Тюленей привезли в Астрахань в середине девяностых, поселили их в городском пруду. Событие это, пожалуй, было равнозначно тому, как если бы сейчас в Останкинский пруд завезли розовых дельфинов. Но дело было не в столице, не под носом у федерального канала, активистов Гринписа и вообще до эры повсеместного распространения интернета. Поэтому в масштабах страны тюлени остались незамеченными.
Жить им предполагалось в пруду с поэтичным названием Лебединое озеро по соседству с лебедями, а также планетарием, консульством Ирана, кафе на берегу, оживлённой дорогой и Кремлём с площадью Ленина через дорогу. Тюленей было три. Сначала их держали в садках, больше похожих на сети. Посмотреть на новых обитателей пруда тогда сбежался весь город.
Первый тюлень погиб спустя несколько дней. Наверное, сказался стресс, чуждая ему среда или даже травмы, полученные при ловле и транспортировке. Второй тюлень прогрыз сеть и сбежал «на свободу» в пруд. За ним туда выпустили и третьего тюленя.
Ночью я подъехала к пруду на пикапе, выманила оставшихся тюленей на свежую рыбу, погрузила их в кузов и отвезла обратно в Каспий. На самом деле нет. Мне было лет шесть, и спасение тюленей (в духе фильма «Освободите Вилли») так и осталось моей несбыточной мечтой. Я ходила вдоль искусственного берега озера, заглядывала в воду, и тюлень, свыкшийся со своей участью, отфыркивался и плыл рядом. Глаза у него были большие, печальные и влажные. Мне казалось, что тюлень плачет.
Двадцать лет спустя, когда меня позвали фотографом на международную экологическую конференцию, я вспомнила тот пронзительный тюлений взгляд. Воспоминание из детства преследовало меня и всю экспедицию по Северному Каспию, куда меня позвали фотографом сразу после конференции.
В масштабах географических карт кажется, что Астрахань стоит на море. На самом деле никакого моря в городе нет. Большинство астраханцев гоняет в отпуск на побережье Чёрного моря и похвастать тем, что видели Каспий, могут едва ли. Я сама впервые увидела Каспийское море из окна плацкарта в поезде до Баку. В Баку море, кстати, есть — радужные пятна на камнях у берега, едва уловимый запах нефтепродуктов.

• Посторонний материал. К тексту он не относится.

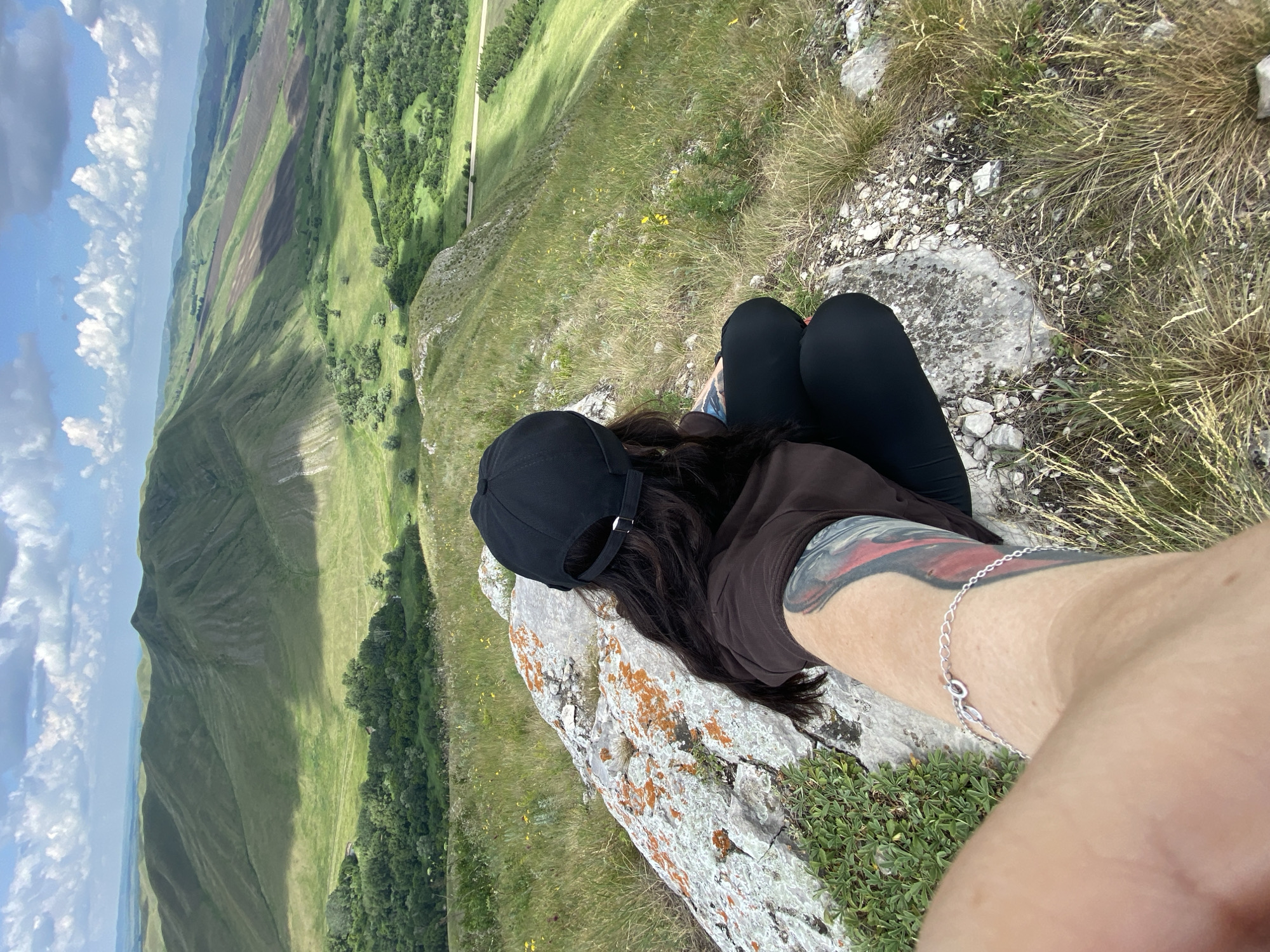 The image captures a scenic view of rolling green hills and valleys under a partly cloudy sky. In the foreground, a person wearing a black baseball cap and a brown hoodie is seated on a large rock, facing away from the camera. The person is looking out at the expansive landscape. The individual's left arm is visible, displaying a tattoo and a silver bracelet. The rock has patches of orange lichen on its surface. The surrounding ground is covered with dry grass and smaller rocks. The background reveals a vast agricultural landscape with fields and scattered trees, interspersed with the undulating terrain of the hills. The location is identified as Petrovskoe, Russia.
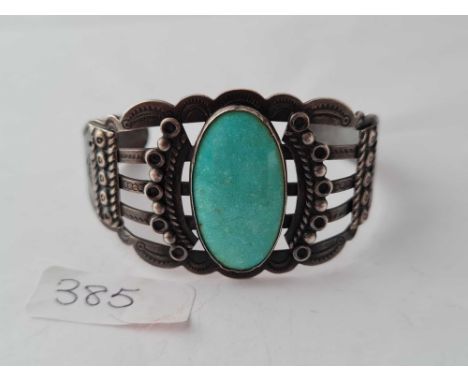 A fancy silver cuff bangle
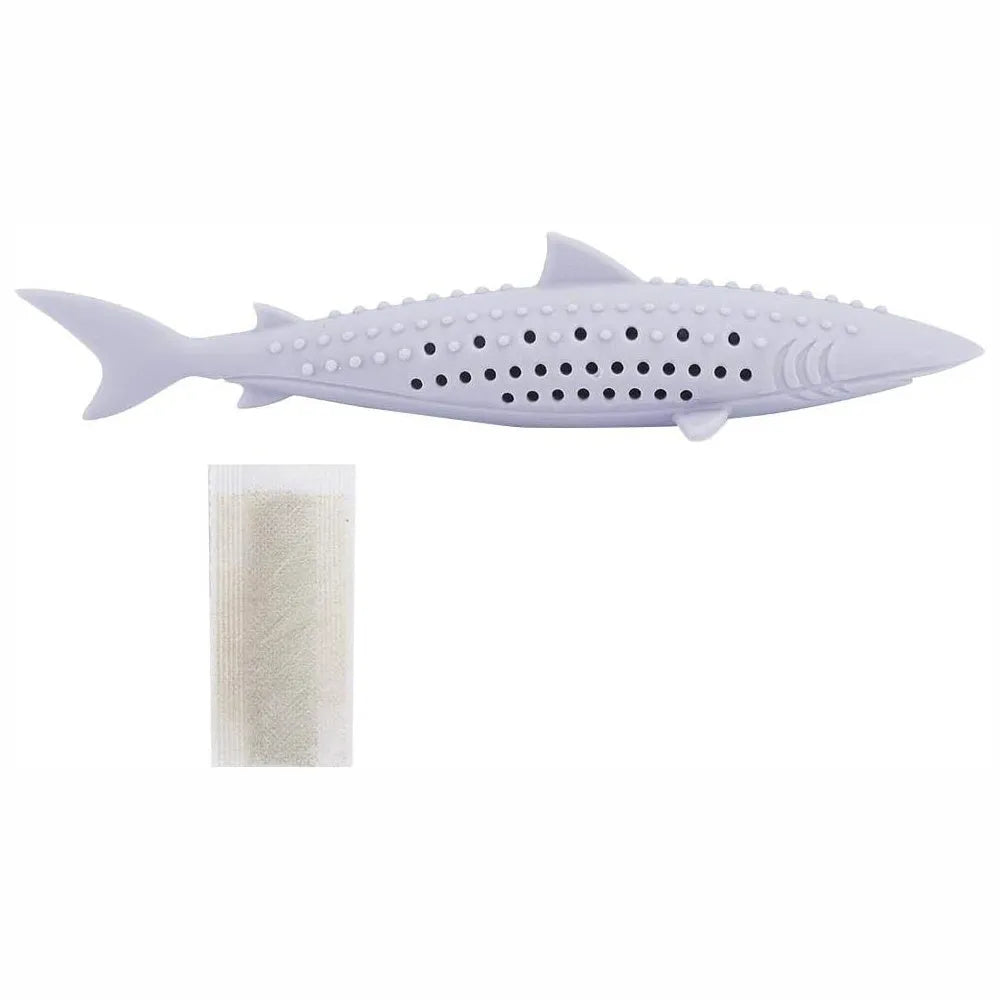 Green silicone fish shaped cat chew toy with breathable side holes on a white background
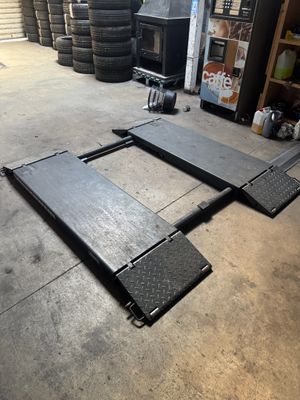 un gros plan sur le sol d'un garage, avec de nombreux pneus en arrière-plan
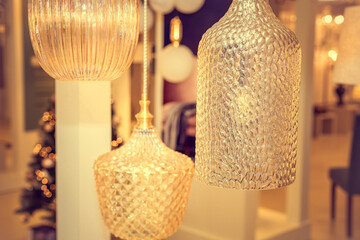A group of switched-off ceiling chandeliers with a transparent glass cover on the background of a...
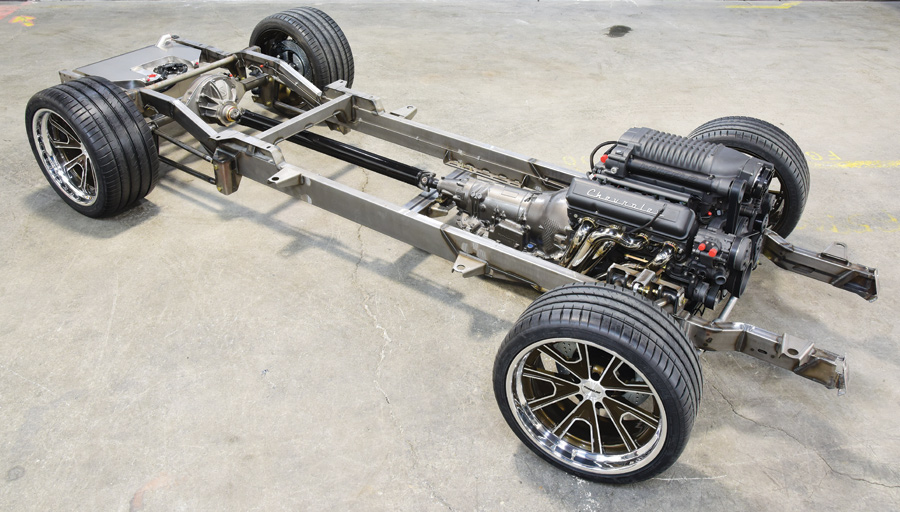 1965 Chevy C10 body frame displayed on floor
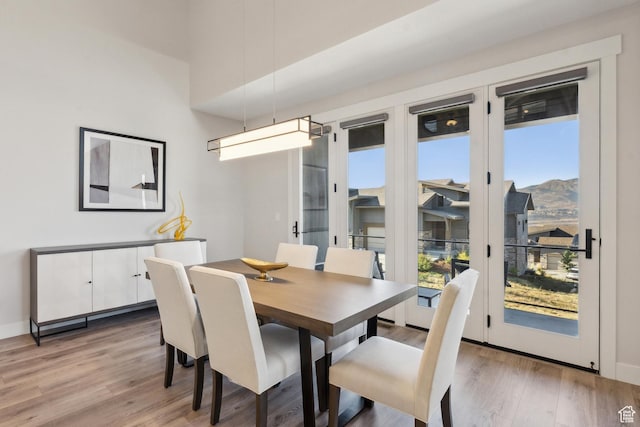 363 E Overlook Loop E Unit 22, Hideout, UT 84036 - dining space featuring light wood-style flooring and baseboards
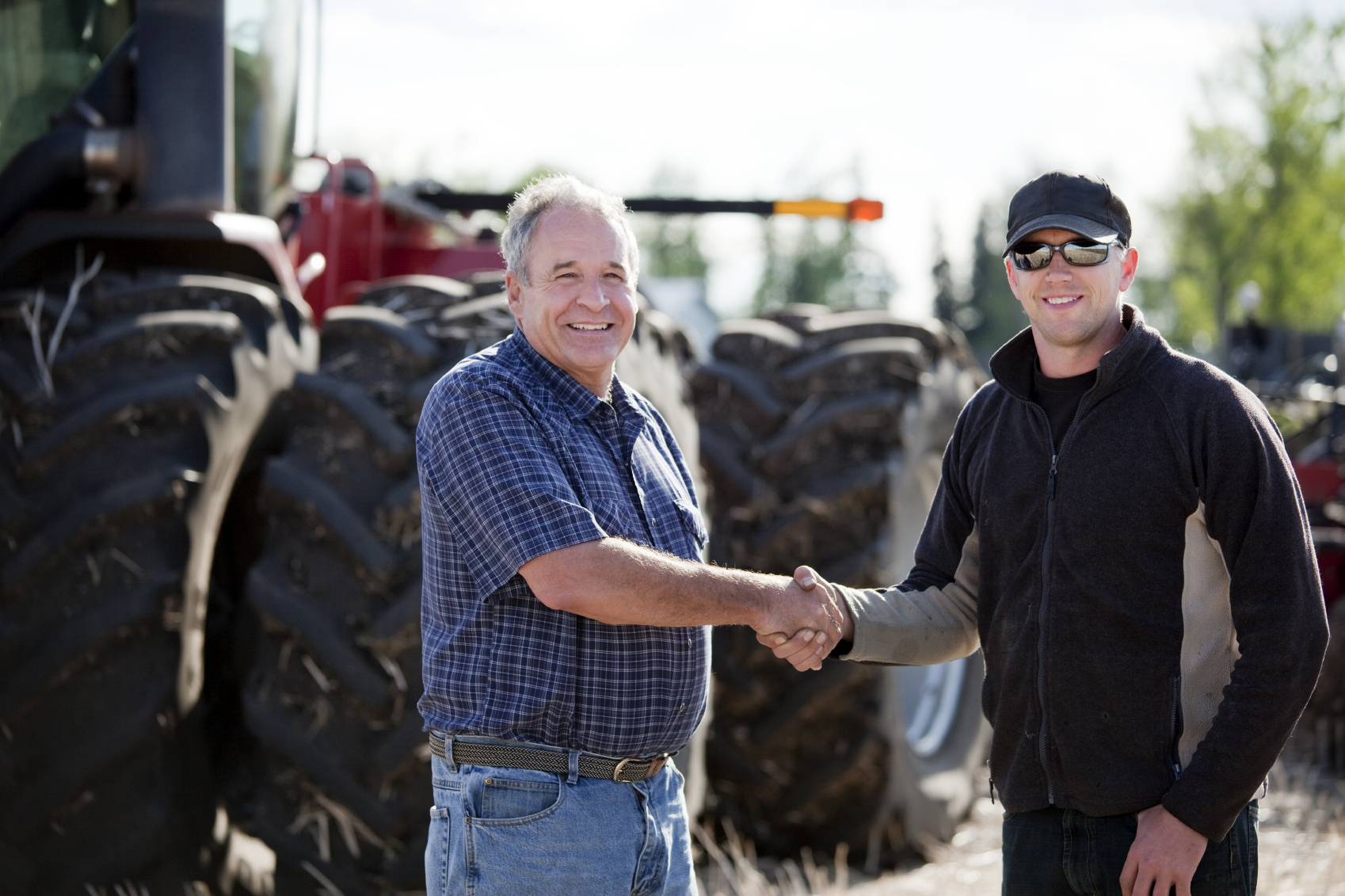 Older man shakes hands with younger man. Tractor in background.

Отошли по реке Кизани, в порту Оля долго ждали прохождения таможни, на ночь встали в дельте. С утра был сильный туман, и мы снова зависли в томительном ожидании, когда рассеется разлитое в воздухе молоко. Дельта Волги в конце октября — унылое зрелище. Ни намёка на лотосовые поля, догорает золотая осень. Ни тебе кудрявых пеликанов, ни белохвостых орланов. Только летают вездесущие чайки да видны на искусственных островах чёрные и белые пятна птичьих колоний — бакланов и лебедей. На плакучей иве у правого бортика, как намёк на предстоящую зиму, висит «варежка без большого пальца» — гнездо синички-ремез.
Только к вечеру второго дня нагнали первый морской закат. Солнце по касательной ушло в море, не оставив следа на тёмных волнах.
Экспедиции проводят несколько раз в год. Исследования начинают весной, летом к стандартному набору исследований добавляют ещё и подводные работы, установку биостанций.
Проводятся исследования в нескольких точках. Их координаты заранее передаются капитану, тот выстраивает маршрут по ним оптимальным образом, ставит судно на якорь. В каждой точке проводят определённый набор исследований, замеров и сбора материалов. Дночерпатель — для взятия проб донных отложений, анемометр — для определения скорости ветра, планктонная сеть — для сбора зообентоса. Пробы воды со дна, пробы воды с поверхности, вода на фитопланктон и зоопланктон, измерить температуру воды на дне и температуру воды на поверхности, определить облачность, видимость, давление, тип волнения, длину волны, направление течения, цветность и глубину…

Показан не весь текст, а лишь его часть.